Case ID: p2d_713/html/0060-01.html
Source: Caselaw Access Project
Author: {"author": "DURHAM, Justice:", "license": "Public Domain", "url": "https://static.case.law/"}
Date Created: 2024-08-24T03:29:51.129683

The STATE of Utah, Plaintiff and Respondent, v. Jerry L. MARTIN, Defendant and Appellant.
    No. 20490.
    Supreme Court of Utah.
    Jan. 13, 1986.
    
      Steven L. Hansen, Murray, for defendant and appellant.
    David L. Wilkinson, Atty. Gen., Salt Lake City, for plaintiff and respondent.
   DURHAM, Justice:

The defendant was convicted of unlawful distribution for value of a controlled substance under U.C.A., 1953, § 58-37-8(l)(a)(iii) (Supp.1985). A pretrial motion to dismiss based on a theory of entrapment was denied, and the jury likewise rejected the defendant’s entrapment defense. The defendant argues on appeal that the facts show entrapment as a matter of law.

The evidence at trial was in conflict. We summarize the evidence favorable to the jury verdict. An undercover narcotics officer met Toby Wells, an acquaintance of the defendant, and established a relationship with him over a period of several weeks. During this time, the officer told Wells that the officer was prepared to pay $35,000 for a pound of cocaine and would give Wells either an ounce of cocaine or $2,500 for arranging a purchase. The officer did not give Wells any directions or instructions as to how Wells was to obtain the cocaine. Wells contacted the defendant by telephone on numerous occasions, at first asking him for a small amount of cocaine and eventually telling him that Wells had a buyer who wanted a pound.
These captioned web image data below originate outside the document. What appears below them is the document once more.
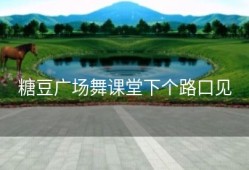 糖豆广场舞课堂下个路口见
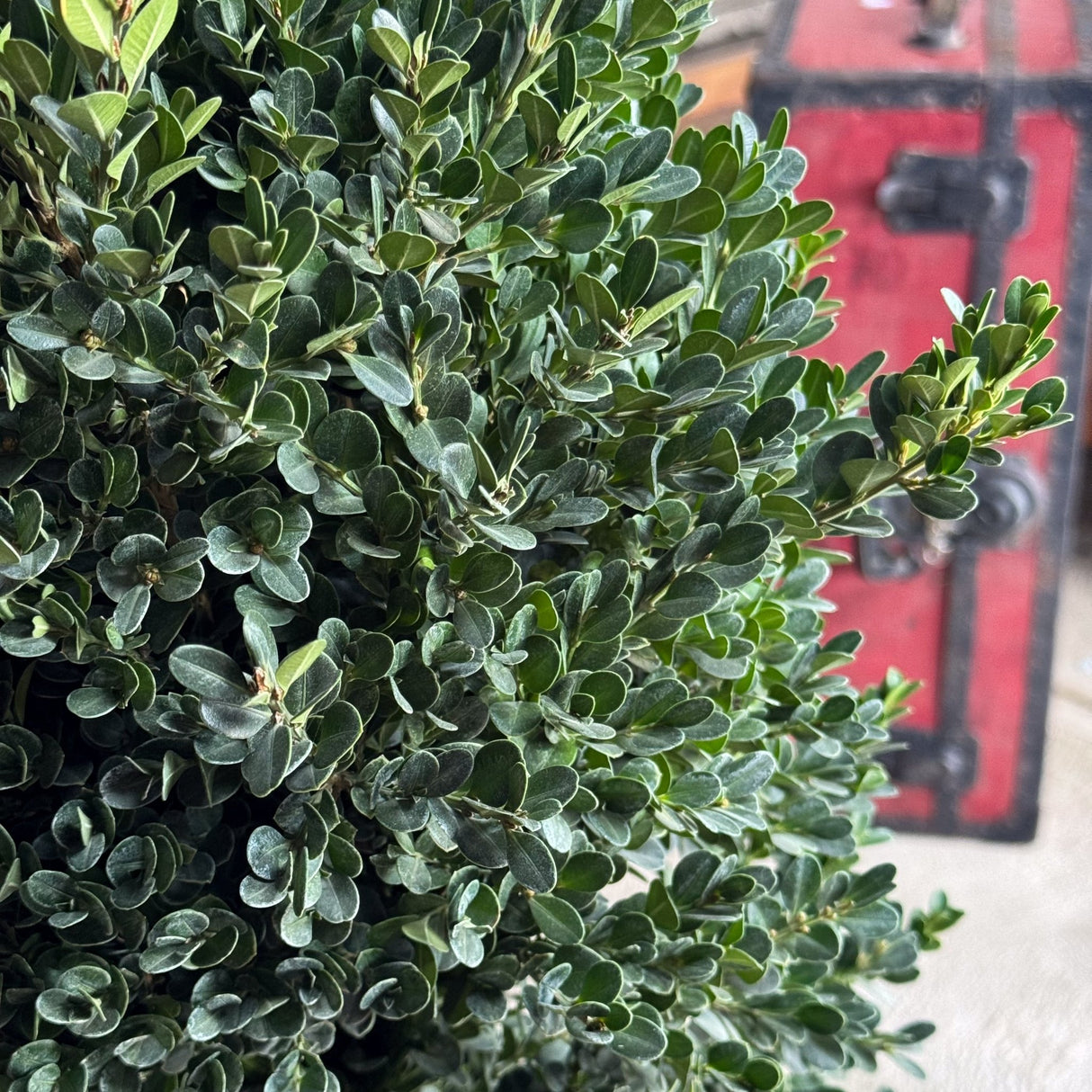 Cranberry Creek Boxwood shrub with dense, dark green oval leaves packed tightly along stems.
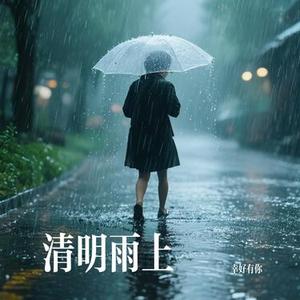 清明雨上 (幸好有你 Remix)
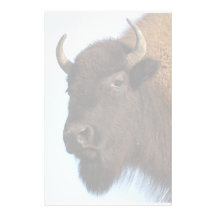 bison stationery
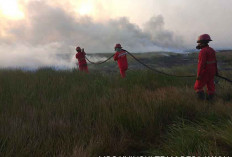 Waduh, Dua Hari Lahan Gambut di Desa Kayu Labu OKI Terbakar, Sudah Seluas 5 Hektar 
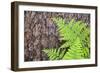 USA, California, Yosemite National Park. fern leaves against a pine tree trunk.-Jaynes Gallery-Framed Photographic Print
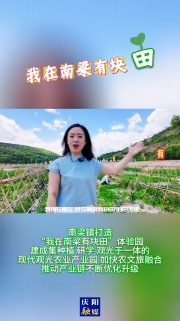 南梁鎮(zhèn)打造“我在南梁有塊田”體驗園，建成集種植、研學、觀光于一體的現代觀光農業(yè)產業(yè)園，加快農文旅融合，推動產業(yè)鏈不斷優(yōu)化升級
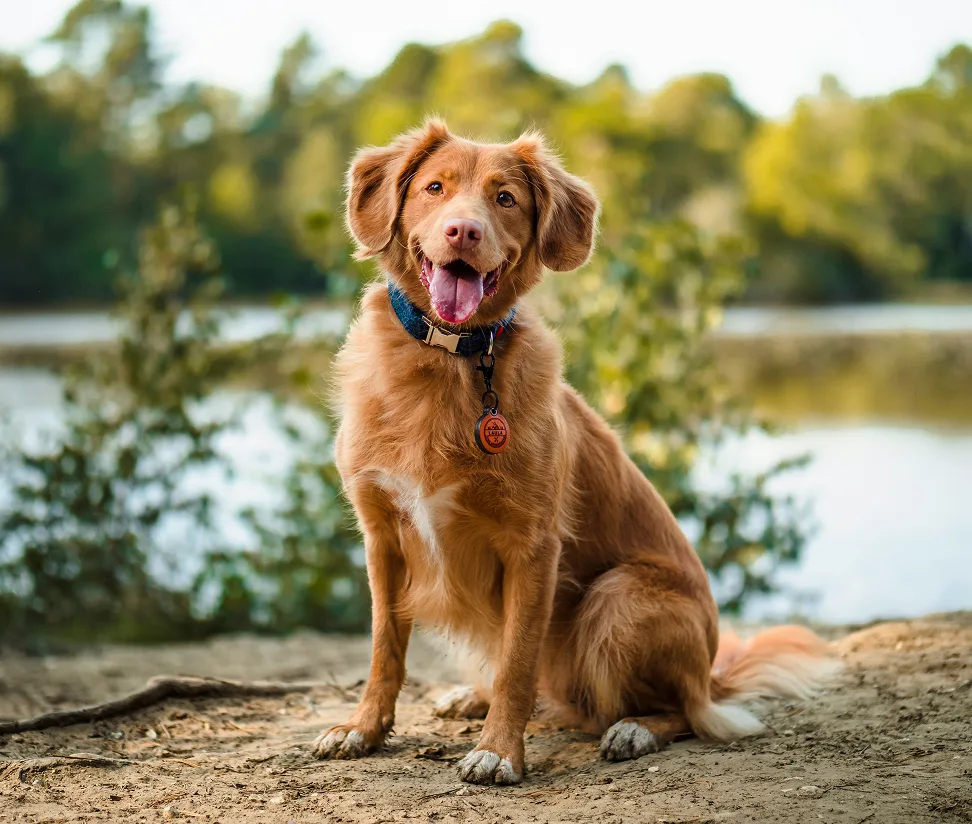 Reddish-brown retriever sitting on sand by the water, mouth open
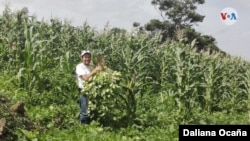 Salvador Castillo, productor agropecuario nicaragüense, cuyos cultivos han sido afectados por la plaga. [Foto: Daliana Ocaña, VOA]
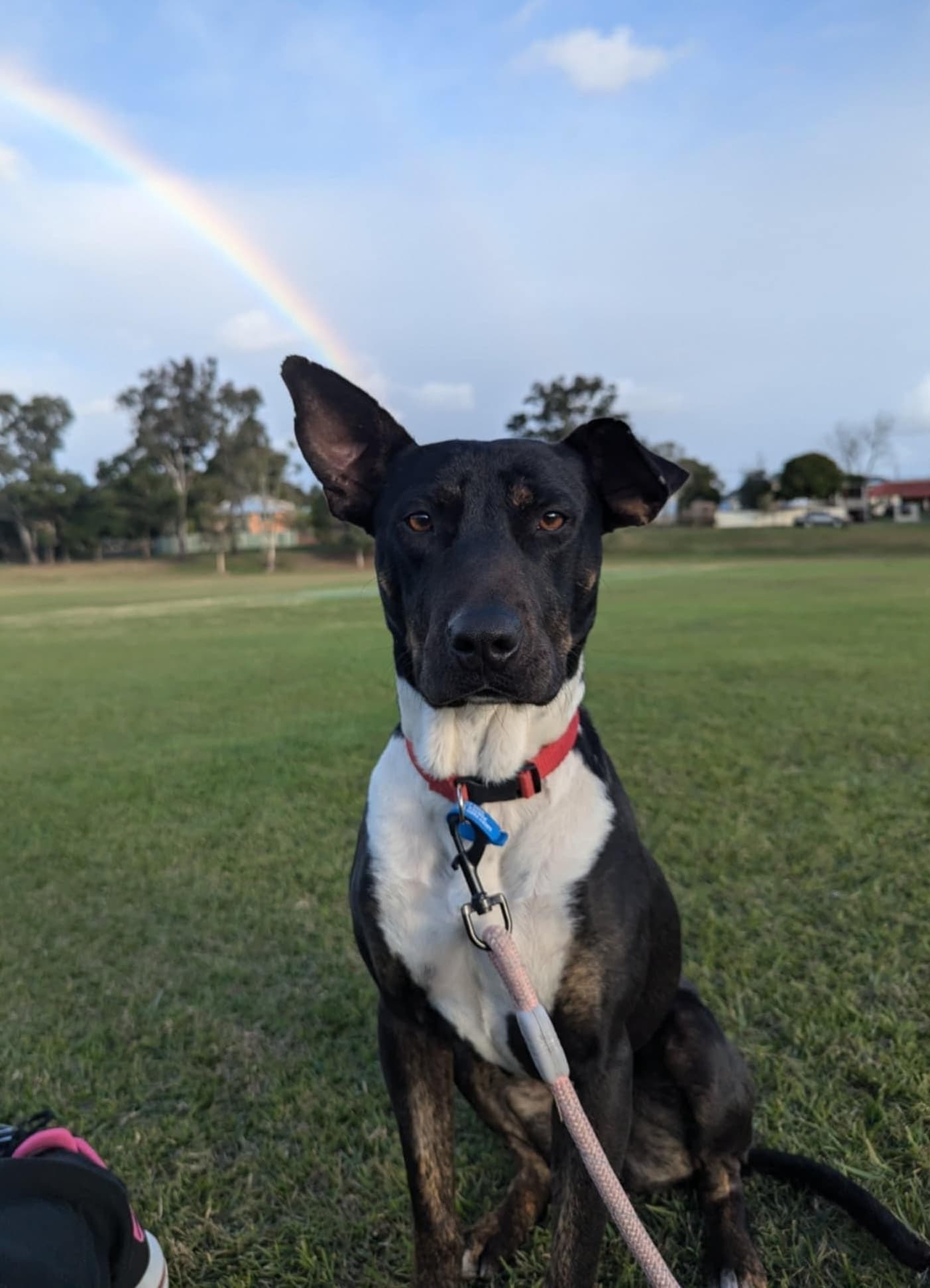 Koda - Bull Arab Cross available for adoption at Lucky Paws Dog Rescue in Brisbane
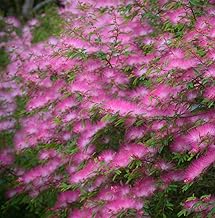 Seidenbaum Pink Plant Seeds 10+ Organic Albizia Julibrissin Shrub Fresh Premium Flower Seeds for Planting Garden Yard Outdoor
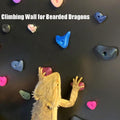 24Pcs Rock Climbing Holds for Bearded Dragons,Reptiles Toy Rock Wall Holds,6 Multi-Size Climbing Rock Wall Grips for Bea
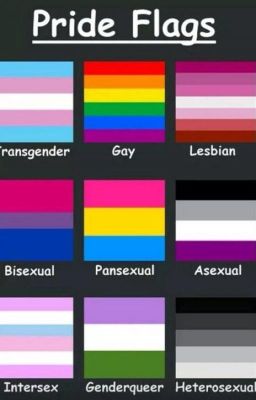 PRIDE FLAGS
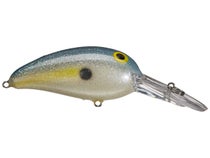 Norman Middle N Sexy Shad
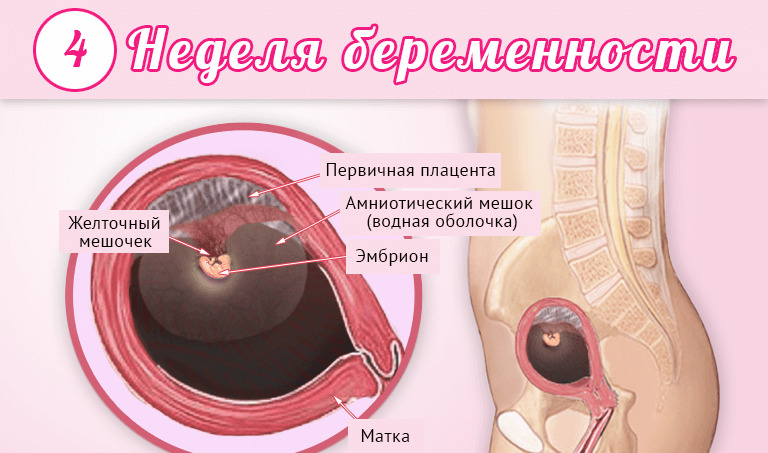 Первый месяц беременности, что происходит?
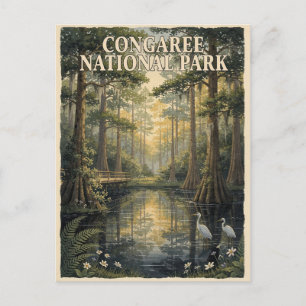 Carte Postale Voyage dans la forêt marécageuse du parc national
During the same period of time Wells was urging the defendant to provide cocaine for the sale, Wells was also contacting other suppliers, without success. After numerous calls from Wells to the defendant, in which the defendant said he did not know if he could obtain the cocaine but would look around, the defendant agreed to the sale. At no time did Wells disclose to the officer any information regarding the defendant. The officer never gave Wells any suggestions or directions specifically relating to his dealings with the defendant.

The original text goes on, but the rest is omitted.